Return the listing below unchanged, minus its pictures.
(SUPPLIED MATERIAL)
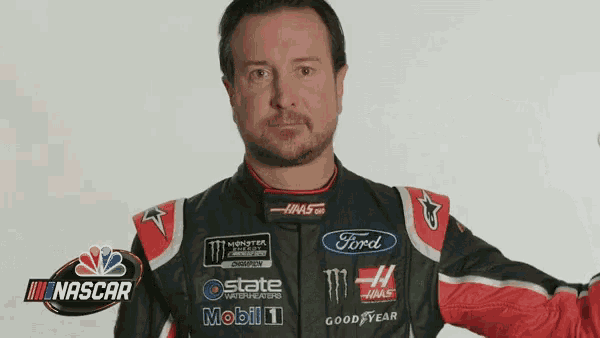 a man in a ford racing suit stands in front of a nbc nascar logo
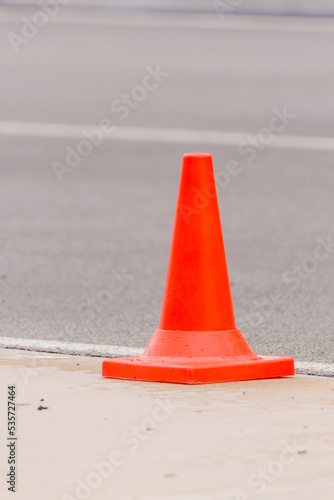 An orange traffic cone is placed on the edge of the racetrack.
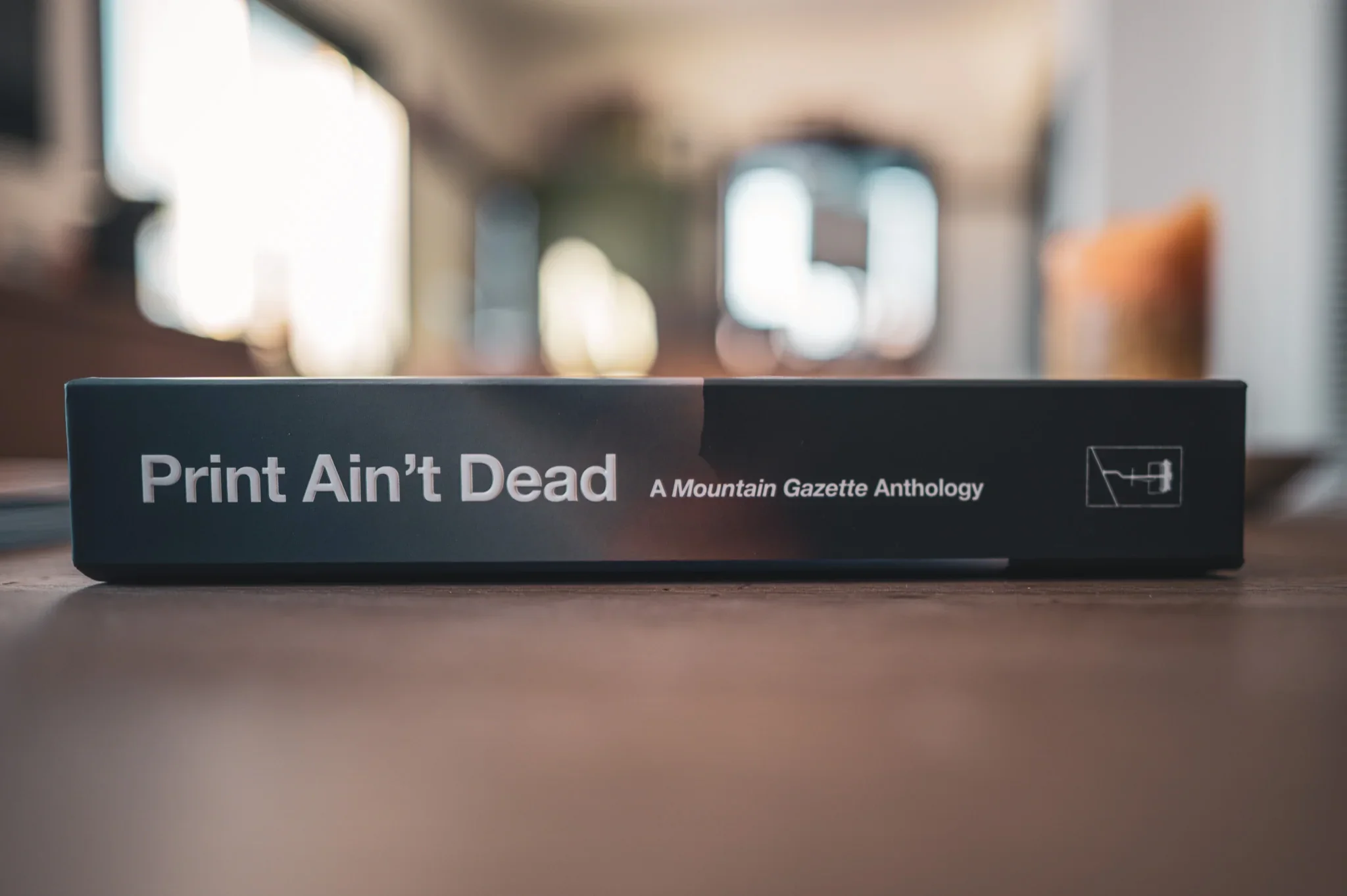 Side view of the Print Ain't Dead Mountain Gazette anthology showing the book spine.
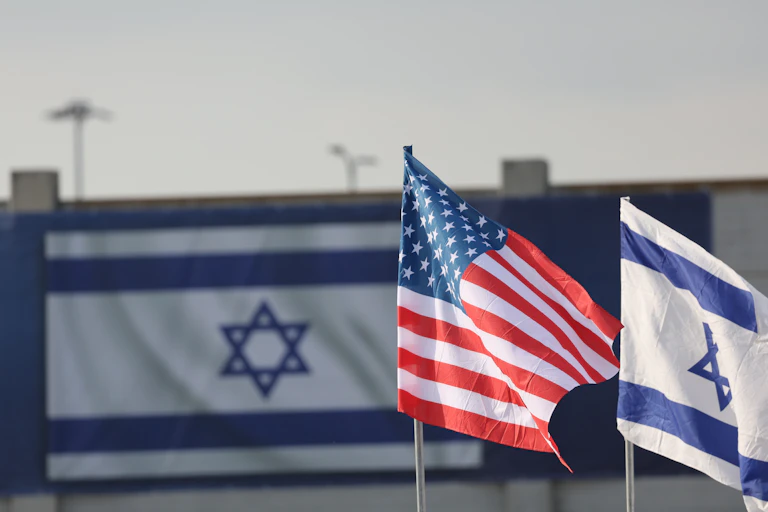 Israeli and US flags hang at Ben Gurion Airport near Tel Aviv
(End SUPPLIED MATERIAL)
--- RESULT ---
 a man in a ford racing suit stands in front of a nbc nascar logo
 An orange traffic cone is placed on the edge of the racetrack.
 Side view of the Print Ain't Dead Mountain Gazette anthology showing the book spine.
 Israeli and US flags hang at Ben Gurion Airport near Tel Aviv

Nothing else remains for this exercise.